:: Your task ::
Your copy should start at the line with "No Sweat 50" and end at the line with "Merry Christmas Round" in the data below. Transcribe only those lines, exactly, pictures excluded.

:: Data section ::
********************

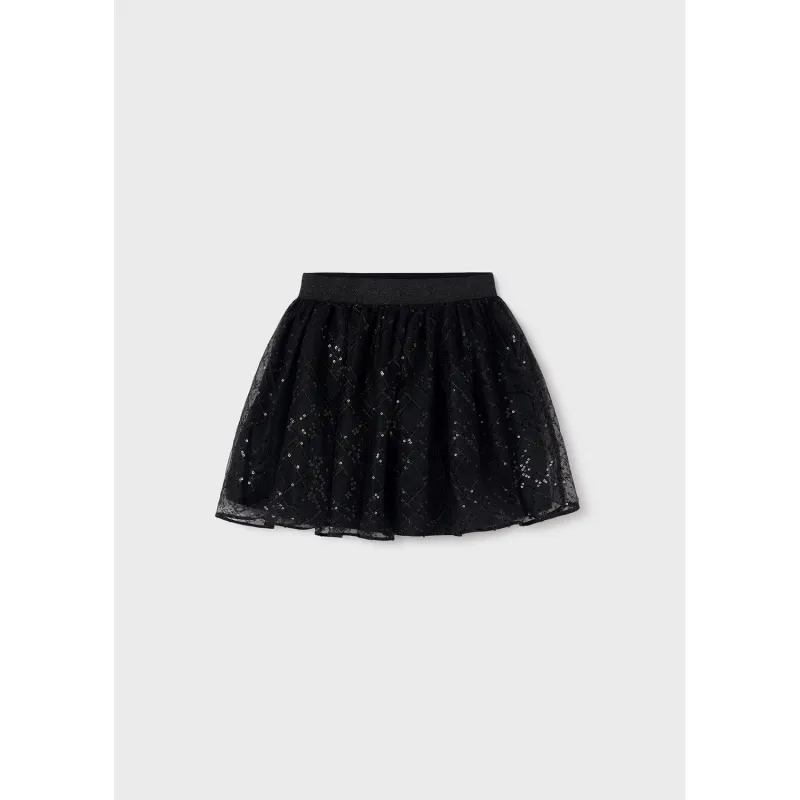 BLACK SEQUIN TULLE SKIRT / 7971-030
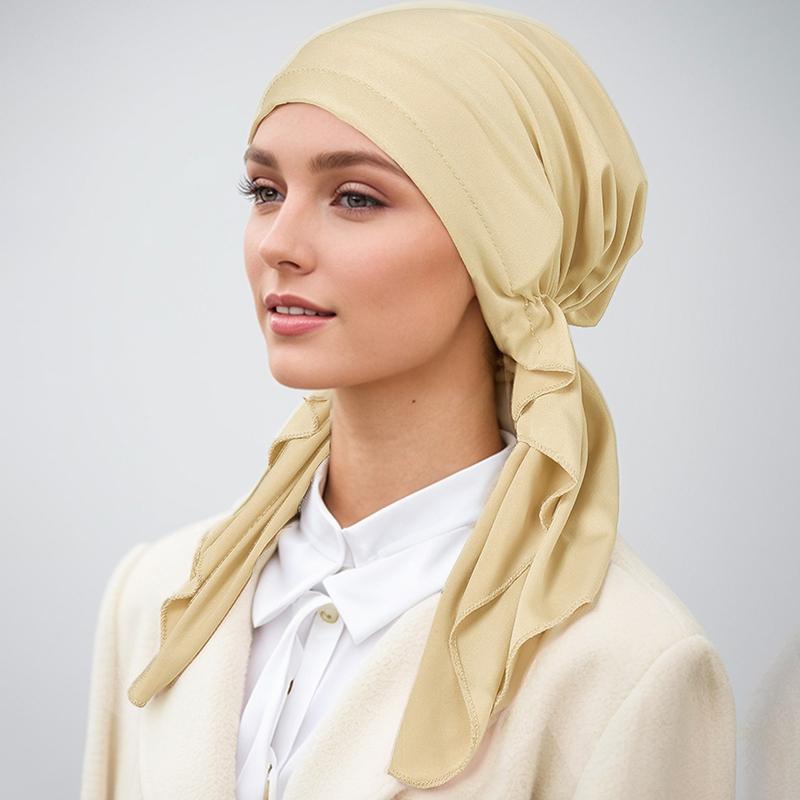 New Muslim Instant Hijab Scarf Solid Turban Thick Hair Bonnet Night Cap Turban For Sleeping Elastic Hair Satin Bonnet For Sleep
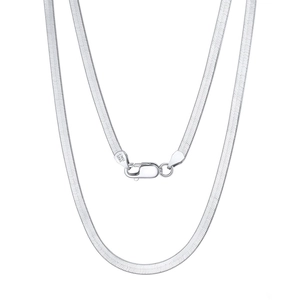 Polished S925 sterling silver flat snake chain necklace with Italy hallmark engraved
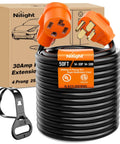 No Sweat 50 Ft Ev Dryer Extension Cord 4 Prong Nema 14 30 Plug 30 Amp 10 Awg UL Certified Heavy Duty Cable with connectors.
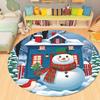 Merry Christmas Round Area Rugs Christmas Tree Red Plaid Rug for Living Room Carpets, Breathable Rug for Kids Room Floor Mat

********************

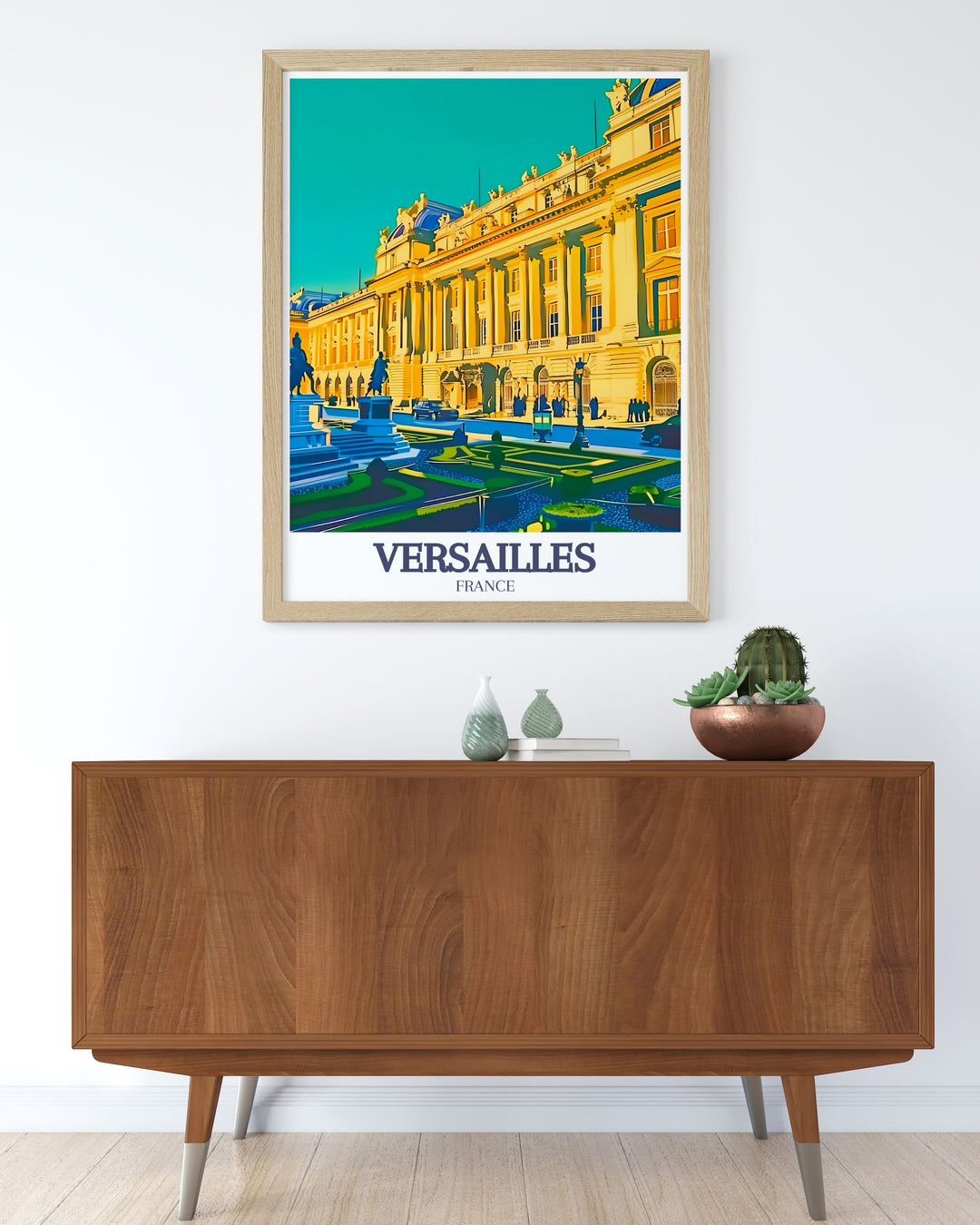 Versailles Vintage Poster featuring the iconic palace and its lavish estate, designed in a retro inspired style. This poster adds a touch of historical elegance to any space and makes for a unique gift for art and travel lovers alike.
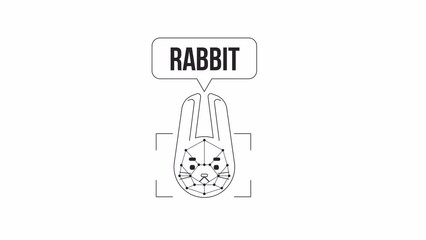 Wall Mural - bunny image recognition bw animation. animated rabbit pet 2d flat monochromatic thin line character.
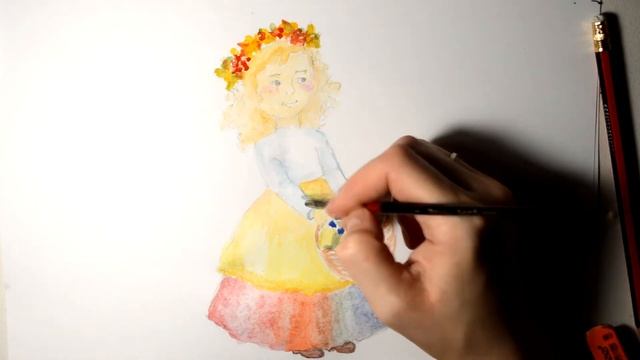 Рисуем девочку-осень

********************

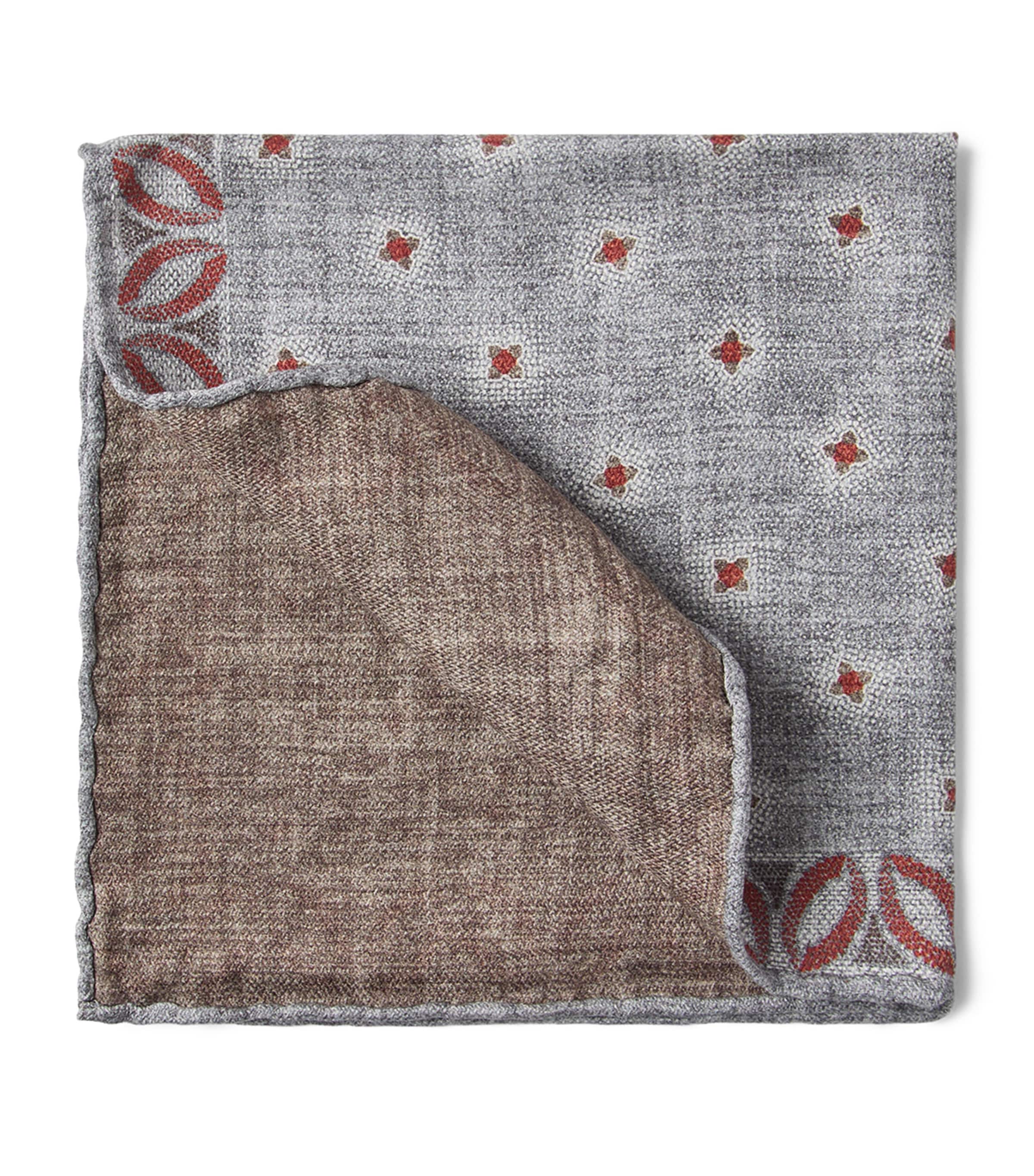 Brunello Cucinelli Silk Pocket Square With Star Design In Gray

********************

:: Written answer ::
 No Sweat 50 Ft Ev Dryer Extension Cord 4 Prong Nema 14 30 Plug 30 Amp 10 Awg UL Certified Heavy Duty Cable with connectors.
 Merry Christmas Round Area Rugs Christmas Tree Red Plaid Rug for Living Room Carpets, Breathable Rug for Kids Room Floor Mat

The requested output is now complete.